Ten Things You May Not Know About Mulan

by | Dec 3, 2018 | Disney Entertainment, Lists and Trivia

  1. Mulan was inspired by the character Hua Mulan from the Chinese poem “The Ballad of Hua Mulan.” Since so little historical details survive from the time the poem was written, it’s unknown whether Hua Mulan was a real person. In the original poem, Mulan’s surname was spelled using the Mandarin pronunciation “Hua,” though Disney uses the spelling for the Cantonese pronunciation, “Fa.”
  2. In the original poem, Mulan’s identity as a woman was never revealed while she was serving in the army. It was only upon returning home that her fellow warriors discovered her true identity when they came to visit her, and when they learned the truth about their friend and general, they praised her for all she had done for them.
  3. It may be a dubious distinction, but Mulan is credited with amassing the, um, highest body count among Disney Princess. 2,000 Hun soldiers were animated for the Huns’ attack sequence, along with their 2,000 horses. After Mulan’s ingenious idea to create an avalanche to defeat the vast army, only six Huns survived, meaning 3,994 enemies perished. She doesn’t seem quite as demure now, does she?
  4. One of the best known quotes from the film is spoken by Mulan’s father, Fa Zhou: “My, what beautiful blossoms we have this year. But look, this one’s late. But I’ll bet that when it blooms, it will be the most beautiful of all.” Most people assume he was referring to a cherry blossom, but the tree is actually a magnolia tree, and the flower itself is known as the “mulan” flower!
  5. It’s a Disney cliché that every princess or main character is an orphan, or has lost at least one parent. But in actuality, Mulan is one of four Disney Princesses to have both parents alive and present during the entire film, the others being Aurora, Rapunzel, and Merida.
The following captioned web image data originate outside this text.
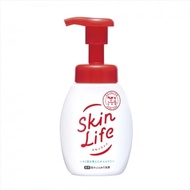 【COW STYLE 牛乳石鹼】Skinlife 滋卿愛泡洗顏慕斯 160ml*6瓶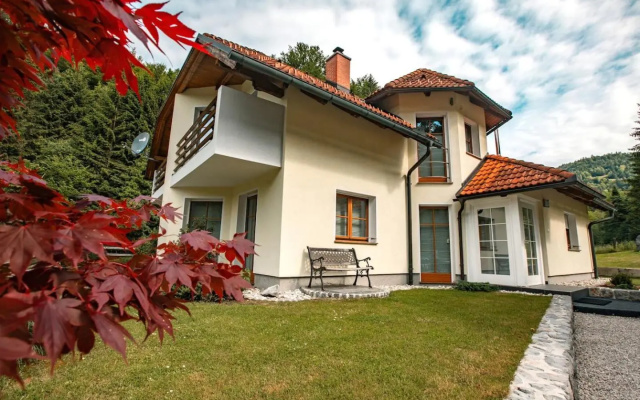 House of Adventure - The Base to explore Slovenia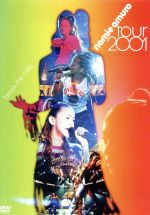 【中古】 namie　amuro　tour2001　break　the　rules／安室奈美恵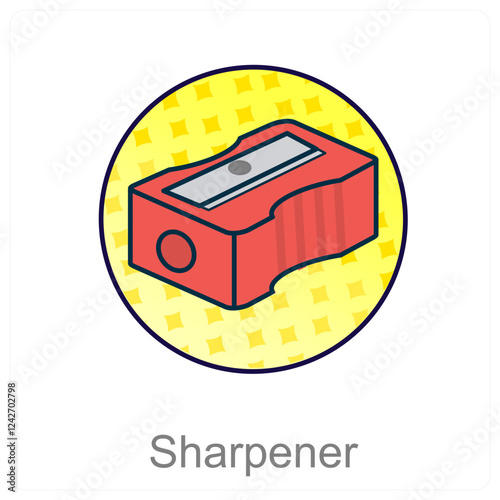 Sharpener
But she does have the distinction of being the only Princess not to be born into royalty, or to marry a prince. (In case you’re wondering, Pocahontas has the title of ‘Chieftan’s Daughter,’ the equivalent of being a princess in her culture.)
  6. Mulan’s voice was originally going to be provided by Tia Carrere before the producers eventually settled on actress Ming-Na (best known for her roles in The Joy Luck Club and Agents of S.H.I.E.L.D.) Carrere would go on to voice Nani Pelekai in Lilo & Stitch. Before finding Ming-Na, Lea Salonga (who provides Mulan’s singing voice) was briefly considered for the speaking role, but her voice wasn’t low enough to convincingly play Ping.
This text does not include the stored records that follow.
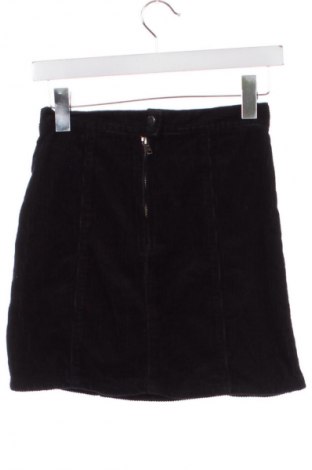 Sukňa Don't Think Twice, Veľkosť S, Farba Čierna, Cena  56,37 €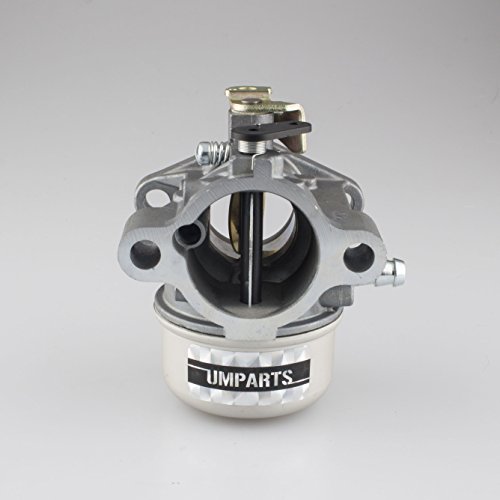 UMPARTS UMK-G11 Carburetor Carb AM132119 for Kohler STX30 STX38 12.5 HP Engines Carb Replaces 12 853 145-S/ 12 853 149-S w Gasket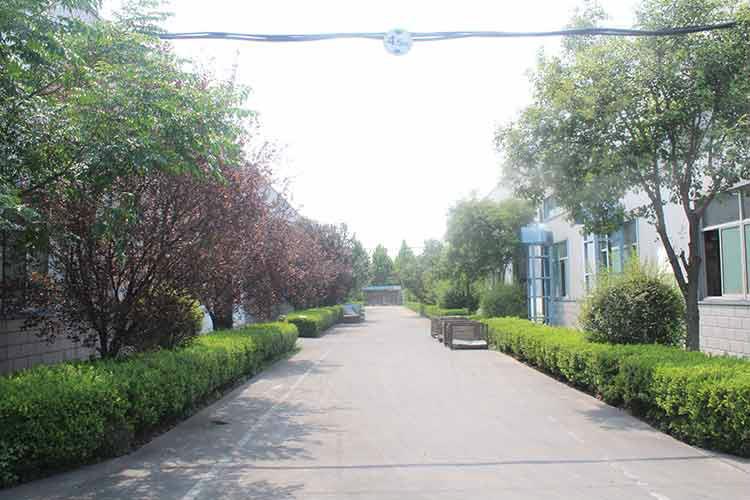 儲籠存放區(qū)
  7. In addition to her voice, Ming-Na provided another element of Mulan’s characterization. You may have noticed that Mulan touches her hair a lot throughout the film. The reason is because the animators noticed that Ming-Na had the same habit, so they decided to incorporate it into the character.
  8. In the Magic Kingdom, you’ll find Mulan’s portrait hanging with the other Princesses in Princess Fairytale Hall, and she makes a cameo appearance in Fantasmic! But of course, in the newly opened Shanghai Disneyland, Mulan is heavily featured throughout the park. She stars in her own float in Mickey’s Storybook Express, has her very own scene in Voyage to the Crystal Grotto, and has her own wall carving display inside the Enchanted Storybook Castle.
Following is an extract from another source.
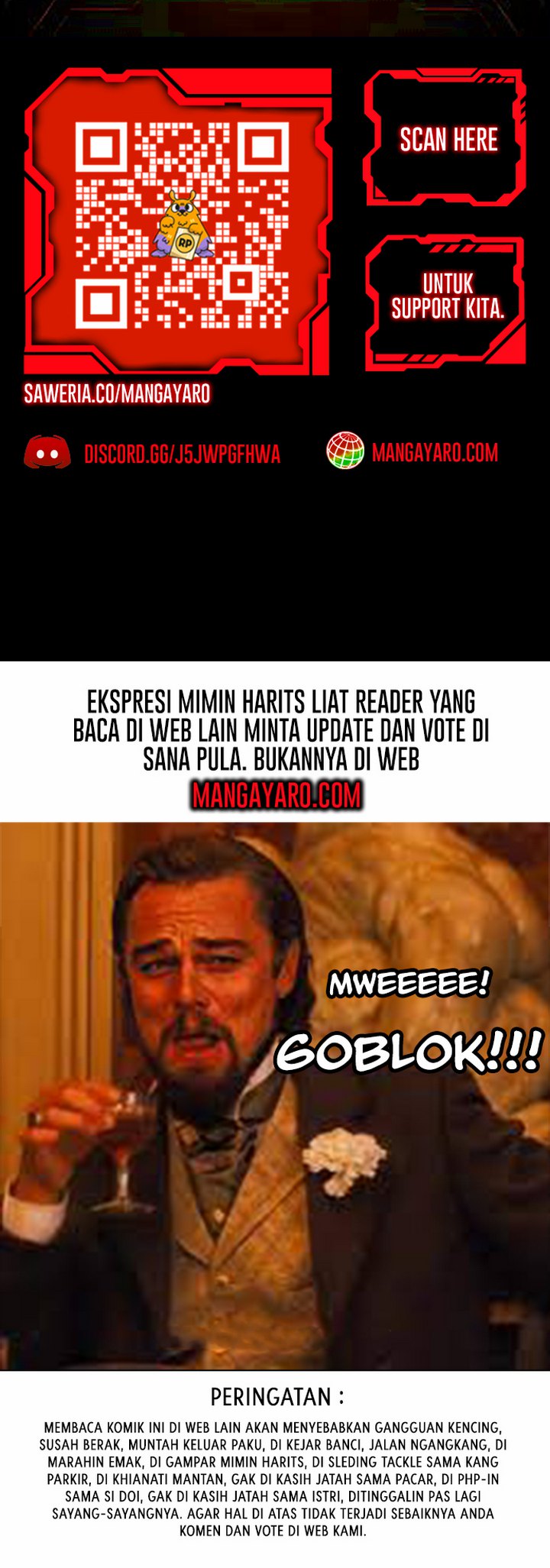 Royal Path Bab 06.1 halaman 42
  9. Like Rapunzlel, Mulan is well known for her hair, or more specifically, for her having to cut it in order to blend in with her army brethren. In the direct-to-video film Mulan II, her hair has grown back, though not quite as long as it was in the beginning of Mulan. However, in promotional works, her hair is always shown at its original length; all the way down to her waist.
  10. The animators used real-life reference to convincingly animate Mulan, but the reference material wasn’t performed by Ming-Na. Mimi Chan, a martial arts instructor and performer, provided the motion capture references for Mulan’s martial arts moves. In 1999, Chan entered the Martial Arts Hall of Fame as “Woman of the Year.” Chan’s cousin, George Kee, played the part of Captain Shang Li when they choreographed the fight sequences for the film’s song “I’ll Make a Man Out of You.”